Paysage sans soleil des pierres qui poussent sous la peau et
s'excroissent comme des herbes osseuses.
Il y avait là des silences et les bruits des blessures de l'humanité ;
et je n'avais que des disparitions à exposer ; que mon corps à
fendre pour recueillir ce qui persistait en moi à mourir.

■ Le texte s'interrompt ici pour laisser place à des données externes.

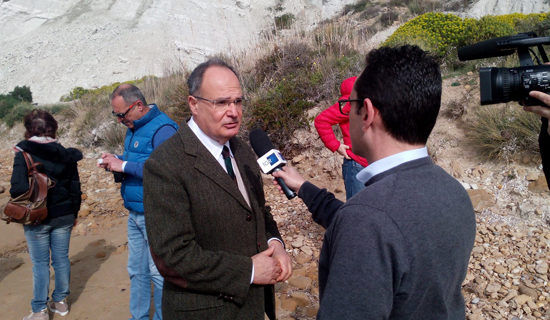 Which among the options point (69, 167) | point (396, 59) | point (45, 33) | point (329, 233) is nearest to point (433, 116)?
point (396, 59)

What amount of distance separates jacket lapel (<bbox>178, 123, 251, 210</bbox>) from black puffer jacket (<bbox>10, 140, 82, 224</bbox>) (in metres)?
2.25

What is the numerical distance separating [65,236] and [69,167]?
667 mm

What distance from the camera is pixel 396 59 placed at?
1.15 metres

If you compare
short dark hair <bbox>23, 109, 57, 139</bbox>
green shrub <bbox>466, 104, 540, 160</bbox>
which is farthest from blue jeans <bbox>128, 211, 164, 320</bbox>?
green shrub <bbox>466, 104, 540, 160</bbox>

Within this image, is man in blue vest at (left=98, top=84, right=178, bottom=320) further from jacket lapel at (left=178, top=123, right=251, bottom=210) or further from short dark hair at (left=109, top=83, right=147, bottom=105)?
jacket lapel at (left=178, top=123, right=251, bottom=210)

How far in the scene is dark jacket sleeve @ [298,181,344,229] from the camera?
1.73 metres

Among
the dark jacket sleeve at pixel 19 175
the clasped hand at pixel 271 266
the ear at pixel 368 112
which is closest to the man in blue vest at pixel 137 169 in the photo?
the dark jacket sleeve at pixel 19 175

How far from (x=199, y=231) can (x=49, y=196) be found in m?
2.35

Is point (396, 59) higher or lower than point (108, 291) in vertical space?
higher

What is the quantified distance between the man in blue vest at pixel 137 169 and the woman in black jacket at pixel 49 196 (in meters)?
0.69

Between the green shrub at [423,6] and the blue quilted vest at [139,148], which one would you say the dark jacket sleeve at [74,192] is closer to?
the blue quilted vest at [139,148]

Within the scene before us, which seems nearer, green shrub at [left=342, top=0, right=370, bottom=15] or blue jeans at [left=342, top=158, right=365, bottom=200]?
blue jeans at [left=342, top=158, right=365, bottom=200]

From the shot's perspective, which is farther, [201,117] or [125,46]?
[125,46]

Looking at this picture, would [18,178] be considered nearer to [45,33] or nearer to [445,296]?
[445,296]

Mon pas de farine, porté comme une machine trop lourde
jusqu'au ventre de la mer.
J'ai vu des insectes dans le versant des jours et un arbre
retenir la fermeture sans fin de la nuit sur la terre. J'ai vu un
flux immobile dans le cœur du monde et la lumière posée sur
mes mains.
Le vent qui dure, qui n'en vint pas à bout.
Ibid p.69
Il y avait en moi un grand animal triste tapi dans la naissance. La vie ne libère rien. On y entre, poursuit le poète.
Est venue l'heure des frôlements où le jour s'infuse dans le
cœur des femmes et adoucit les miroirs ; des mots lus à
haute voix, qui raniment la clarté où d'autres récits s'écrivent.
Je vois les poèmes arrachant du néant sa négation secrète, et
dans l'ordre du ciel qui dissolvent l'ordre d'en haut.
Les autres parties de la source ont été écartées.